I just bought a Frankford Arsenal tumbler and it should arrive today. Any tips on drying cases after tumbling? I've read everything from putting them in a food dehydrator to putting them in the oven.


----------



## 223AI (May 7, 2012)

Stuart said:


> I just bought a Frankford Arsenal tumbler and it should arrive today. Any tips on drying cases after tumbling? I've read everything from putting them in a food dehydrator to putting them in the oven.


I size and decap dirty brass, followed by an hour or two in wet stainless media. After I tumble all of the pins out in a rotary media separator, I dry everything off with a towel and pop the brass into our oven at 190 for a few hours.

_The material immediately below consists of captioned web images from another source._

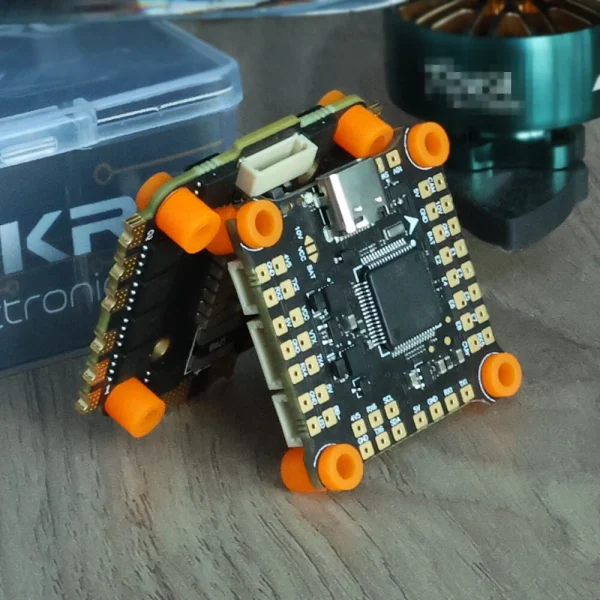 30.5x30.5mm HAKRC 45AF7 V2 Stack F7 Flight Controller Dual Gyro with 5V 10V BEC Output 45A BL_S 2-6S 4in1 ESC Flytower Support DJI O3 Air Unit for DIY RC FPV Racing Drone - Image 3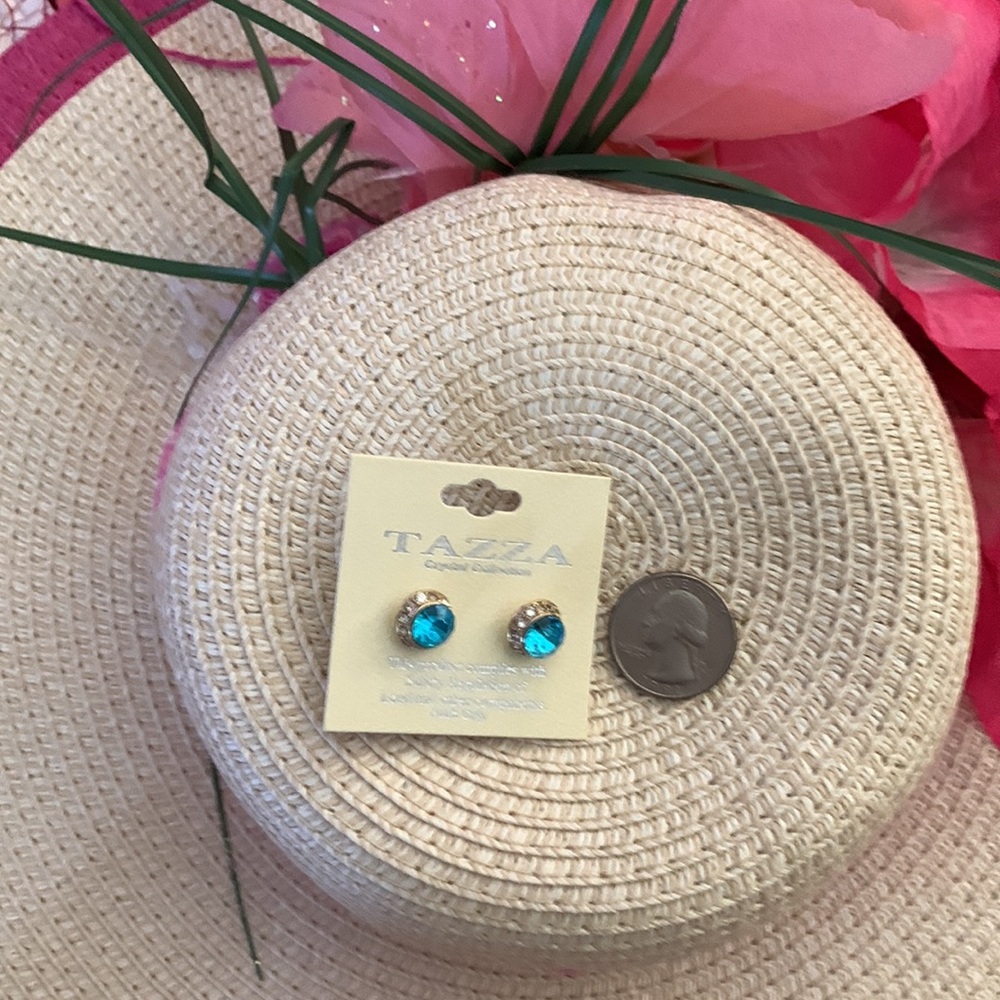 NWT Fashion earrings aqua color and rhinestones around the edge - Picture 3 of 4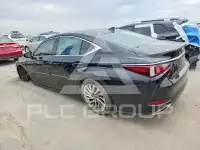 2019 Lexus ES350 photo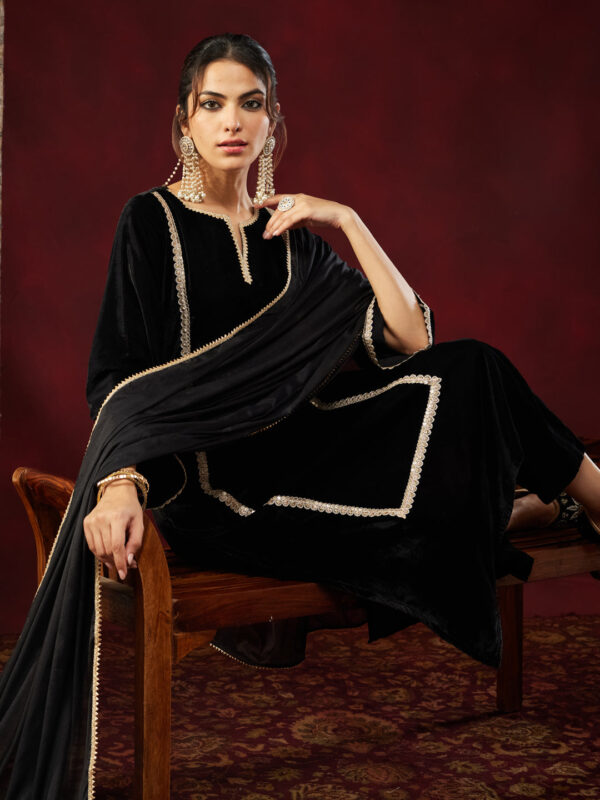 Janasya Women's Black Velvet Embellished Straight Kurta Set - Image 4
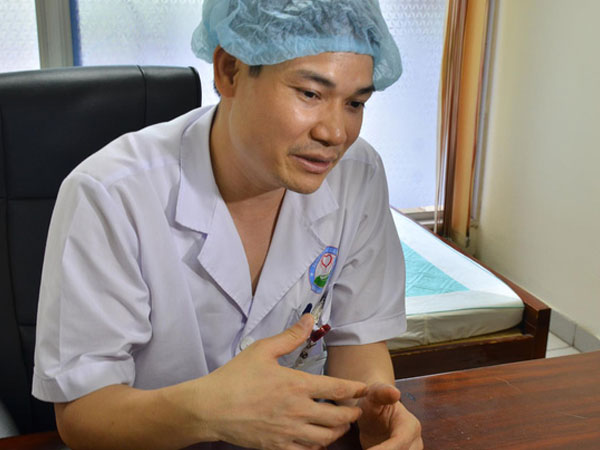 Phó trưởng khoa tại BVĐK Hòa Bình: "Tôi thèm khát được khóc"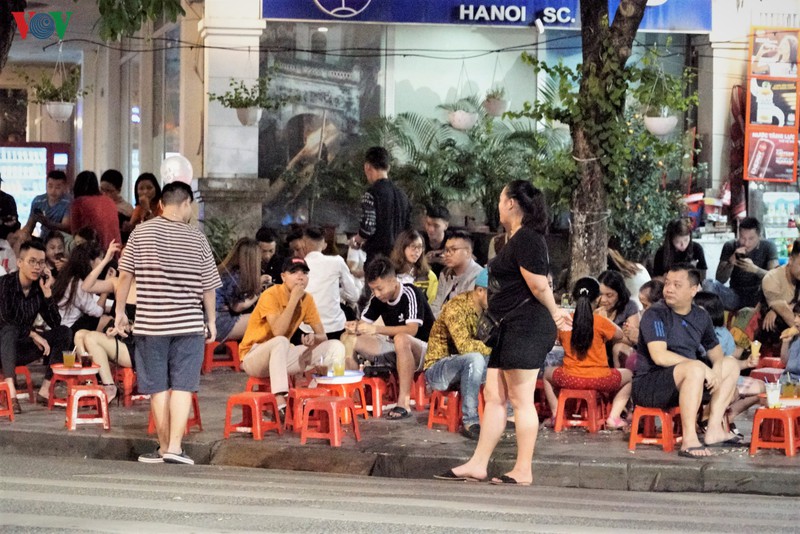nguoi dan vo tu tu tap, tra da via he o khu vuc hoan kiem nhu "chua he co dich" hinh 9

Works great.


----------



## NFAJohn (Nov 3, 2016)

Well that's how we'll make our millions, the small base 50 die!

I second the drying cases in the oven. I tumble my cases with a mix of walnut and corn cob, neck size, deprime, run through the ultrasonic and finally put them in the over at 250 for 2 hours. It's over the boiling point of water but wayyyyy under annealing temps. Word of caution tho hotter isn't always better, I tried it a 400 once and the grease from the oven got on the casing. Nothing like shooting meatloaf rounds. 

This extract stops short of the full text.